I'm parsing a web page to get some values inside labels, but I'm not interested in the label, only in the content.
I'm using regexp.FindAll to get all the matching expressions (including the label) and then ReplaceAll to replace every subexpression, removing the label. Running the regexp twice takes double of time, of course, and I'd like to avoid it.
Is there a way apply both functions simultaneously, or an equivalent regexp?
Of course, I could make a function to remove the label but in some cases could be more complex because of the variable-length labels (like ) and a regexp can take care of this.

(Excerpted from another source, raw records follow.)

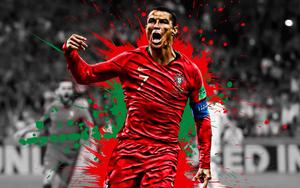 Cristiano Ronaldo scoring a goal for his team Wallpaper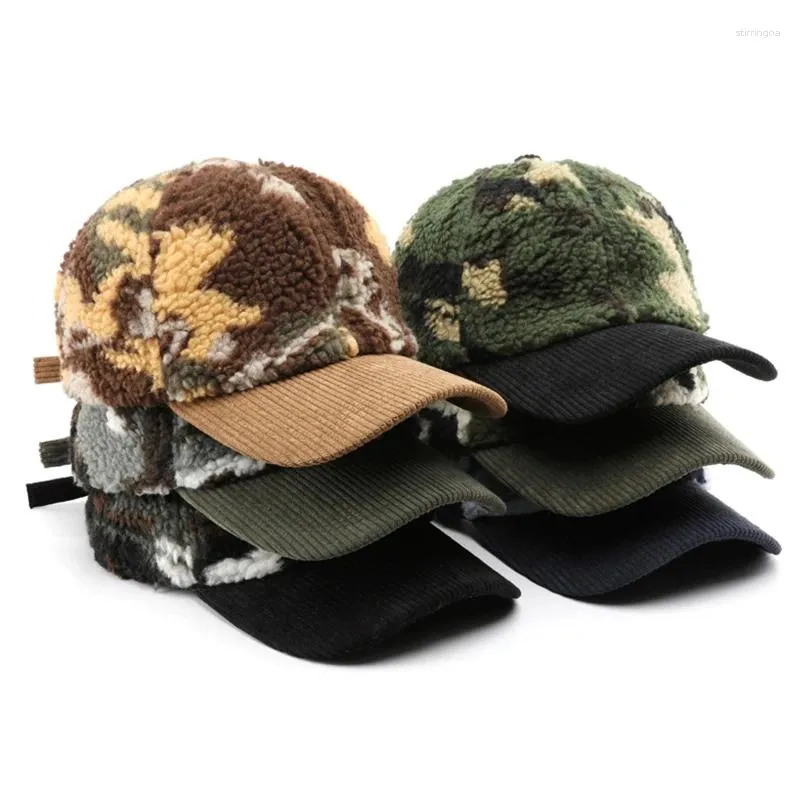 Casquettes de baseball Casquette de baseball en laine d'agneau camouflage hommes femmes hiver épais chaud réglable patchwork chapeau unisexe extérieur coupe-vent papa camionneur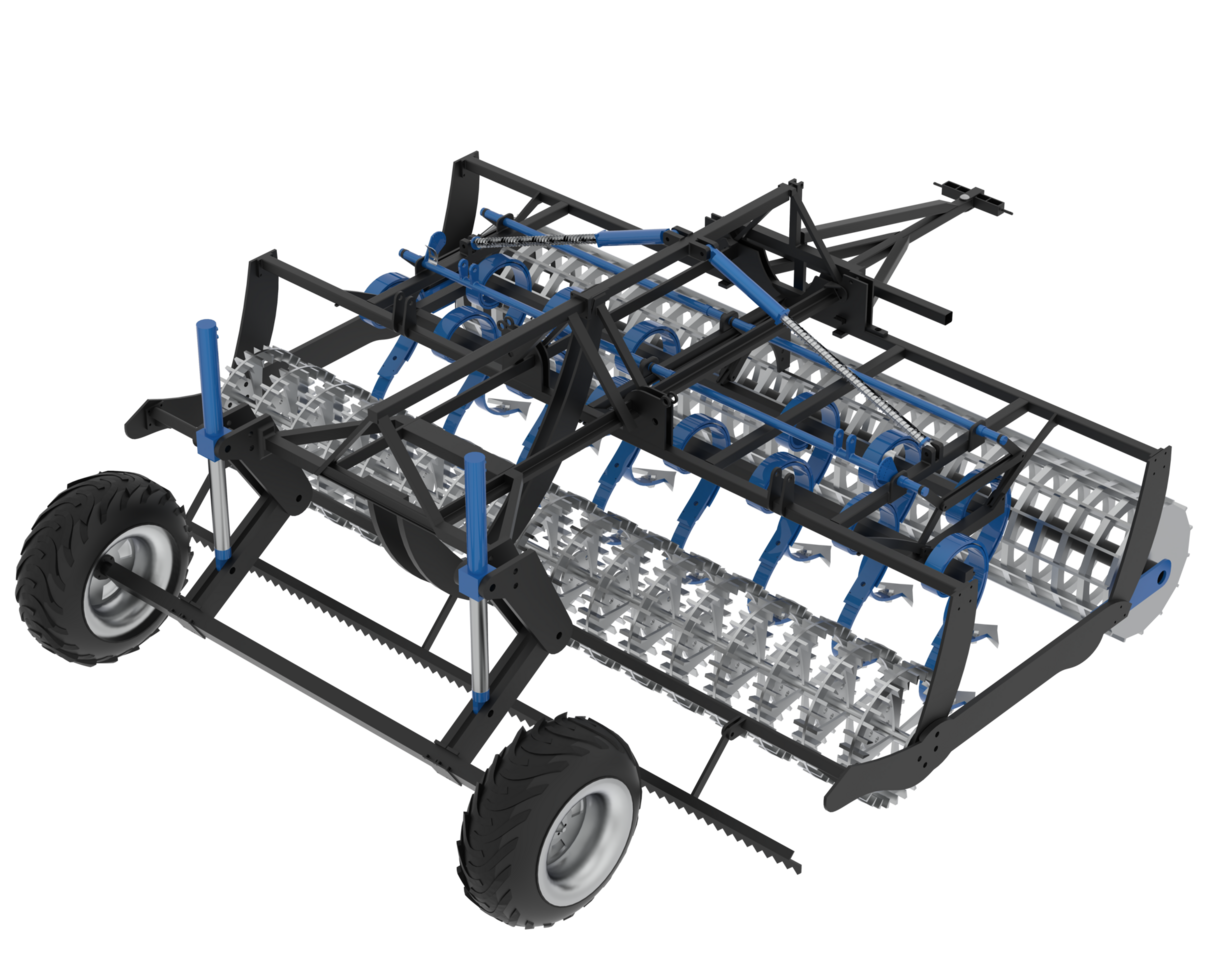 Farming tool for tractor  isolated on background. 3d rendering - illustration png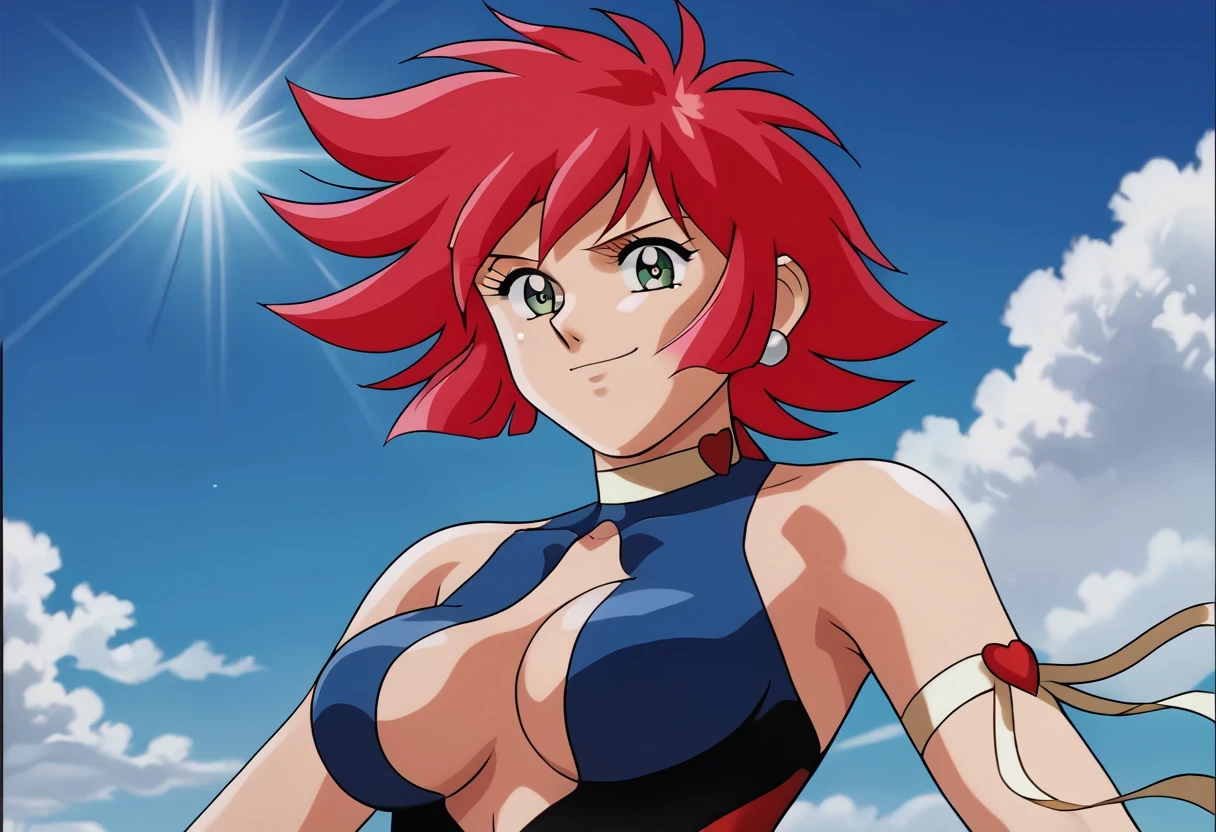 lacus4, (masterpiece, upper body view, crimson strapless leotard, (slim shoulders), leaning back, 4K, Best Quality, Anime style: 1.9, happy, Adult Woman, (ultra detailed head), (cloud background, white skin), Drawing lines, high resolution, Anime, lacus4), 1girl, Solo, curvy figure, Long hair, 鎖骨, scapular, (Detailed wide hair bangs, Hair Ornament, Detailed reddish-pink hair, shiny streaks, slim arms, detailed golden crest), cleavage, large hands, (hair cover shoulders). (Big blue eyes, shiny eyes), ((female wrestler, (slim body), little biceps, slim arms, closed fists, thighs)), ((perfect proportions, medium breasts, long belly)), (((very tight leotard, crimson strapless leotard, arm band, neck band))), smile, (standing, cold colors), detailed fingers, (bare shoulders)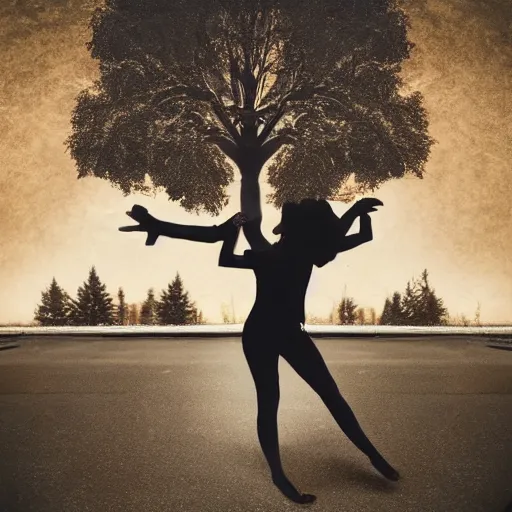 Image similar to a giantess man with a giant woman dancing together, enormous, big, photoshop, photo manipulation, trees, houses, street, hearts symbol, spot light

A simple example of my code is here (it won't run in the playground): http://play.golang.org/p/uGKjzmylSY
func main() {
res, err := http.Get("http://www.elpais.es")
if err != nil {
panic(err)
}
body, err := ioutil.ReadAll(res.Body)
fmt.Println("body: ", len(body), cap(body))
res.Body.Close()
if err != nil {
panic(err)
}
r := regexp.MustCompile("<li>(.+)</li>")
// Find all subexpressions, containing the label <li>
out := r.FindAll(body, -1)
for i, v := range out[:10] {
fmt.Printf("%d: %s
", i, v)
}
//Replace to remove the label.
out2 := make([][]byte, len(out))
for i, v := range out {
out2[i] = r.ReplaceAll(v, []byte("$1"))
}
for i, v := range out2[:10] {
fmt.Printf("%d: %s
", i, v)
}
}
By the way, I understand that regex cannot be used to parse HTML. I'm only interested in some of the innermost labels, not in the structure or nestings, so I suppose it is OK :)